PDAC has attained outstanding growth and evolution, but it’s Gallinger’s contention that it’s going to be crucial to identify the challenges that face the industry both in the near and long term, and continue to be more proactive and be less reactive. That includes advocacy efforts and consultations with the federal and provincial governments in Canada.

“We do have many conversations with government on a variety of issues,” Gallinger confirms.  “We also talk about the benefits of the business.  Traditionally, we’ve had a very good reputation.  I expect that we will see quite a few people from the federal government attending our conventions. To continue that aspect of being a thought-leader in this space of the exploration business as well as provide education and try to improve best practices for the members and advocate on issues that affect the business,” Gallinger continues.  “I’m definitely for being much more aggressive and having some very exciting things for the members and society to benefit from this mineral development business.”

“I’ve really grown from meeting a lot of different people from a lot of different cultures and I’ve been very impressed and desired to continue on in this business after hearing stories about people who weren’t in this business and were struggling financially, who then got a job in the mining business and the opportunities it’s provided their families,” Gallinger enthusiastically states.  “It’s the different cultures I’ve been able to see; it’s the fact I’ve been able to visit places that are right off the tourist map and really participate in projects that have made a meaningful different in improving people’s lives.”

Health and safety issues have always been a primary objective of Gallinger and he will continue that with the PDAC.  In fact, the organization has just recently completed a wilderness guide for people out in the field.   Gallinger is also of the opinion the organization is meant to represent Canadians on a global scale.  
“We represent Canadians wherever they operate, getting away from the border aspect of the business, because there really are no borders around us.  We will still have a large Canadian focus and help represent the provincial organizations on a national level but also how we can represent those members on an international basis as well.”

Mining Matters

PDAC’s Mining Matters initiative is another way the organization is reaching out proactively in an effort to attract the thousands of new workers that are anticipated to be needed over the next decade. For the past 18 years the program has been providing instructors a bilingual curriculum kit on rocks, metals, minerals and mining for Grades 4 to 7. More recently, a curriculum was developed for high school kids. Gallinger is exceptionally proud of the program’s initiatives and achievements to date.

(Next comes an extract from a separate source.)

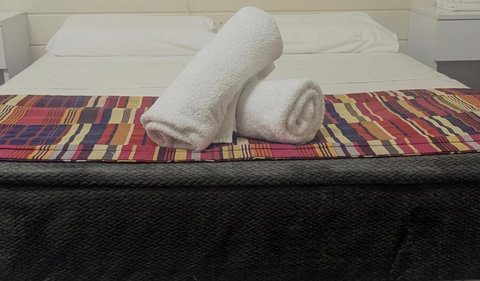 GRAND CENTRAL HOTEL PROSERPINE - Accommodation Mount Tamborine 1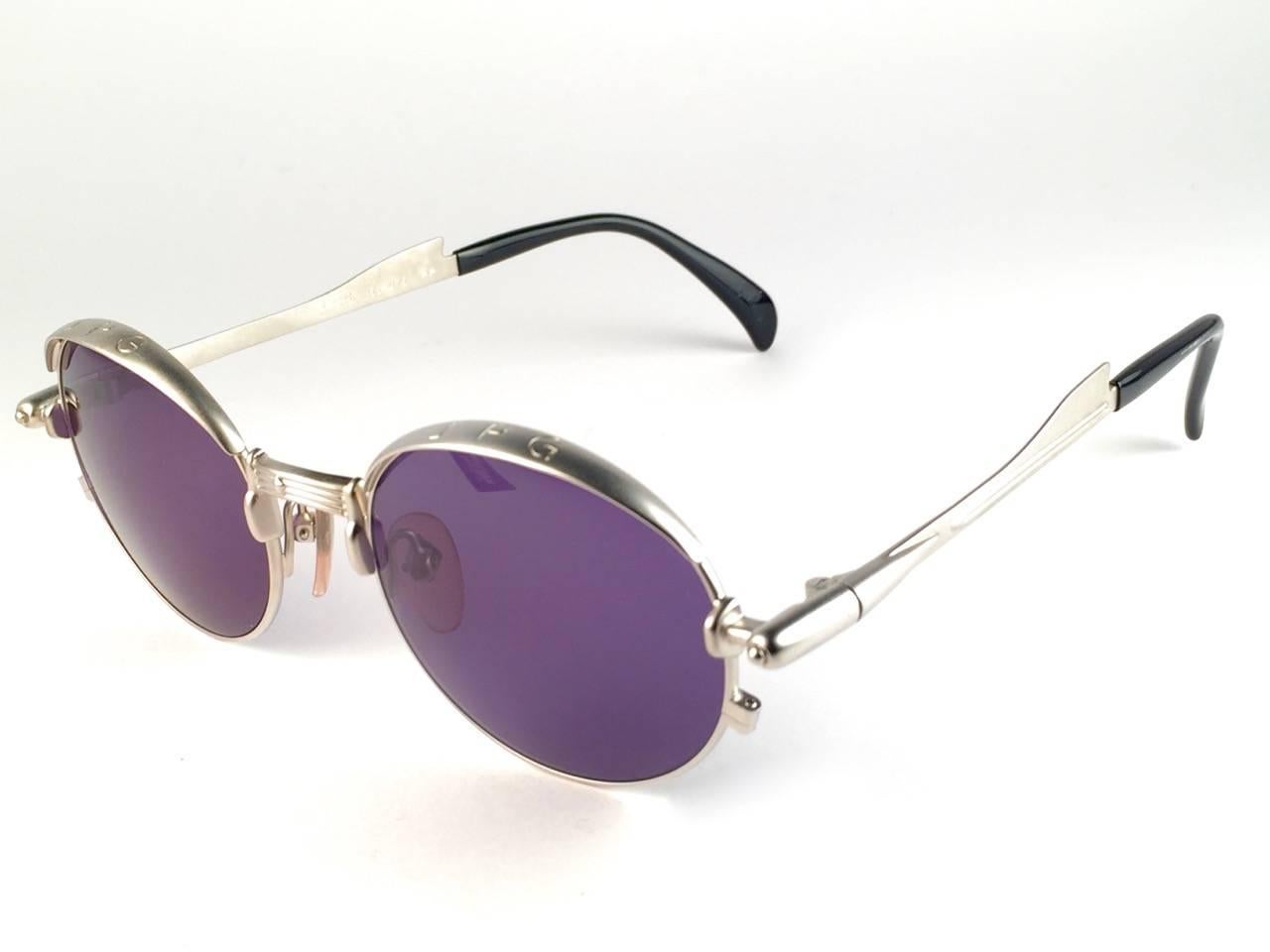 New Jean Paul Gaultier 56 4175 Silver Metal Jet Ornaments Grey Lens 1990's Japan In New Condition In Baleares, Baleares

“We create a geoscience module for public school education, we train teachers on delivering a geoscience module in the class, and it’s really to allow kids in school to understand what geoscience is and the minerals exploration business.  A secondary aspect is for kids to think of the mining business and geoscience as a future career. “

With so much experience in the industry, there’s not a lot that is going to take Gallinger by surprise, but he did note there was one aspect which somewhat opened his eyes.

“I guess what surprised me was the convention part of it; how much goes in to the organization – how well it’s run, the professionalism of the convention staff.  It’s both amazing and a pleasure.  I’m very impressed with the crew we have here.”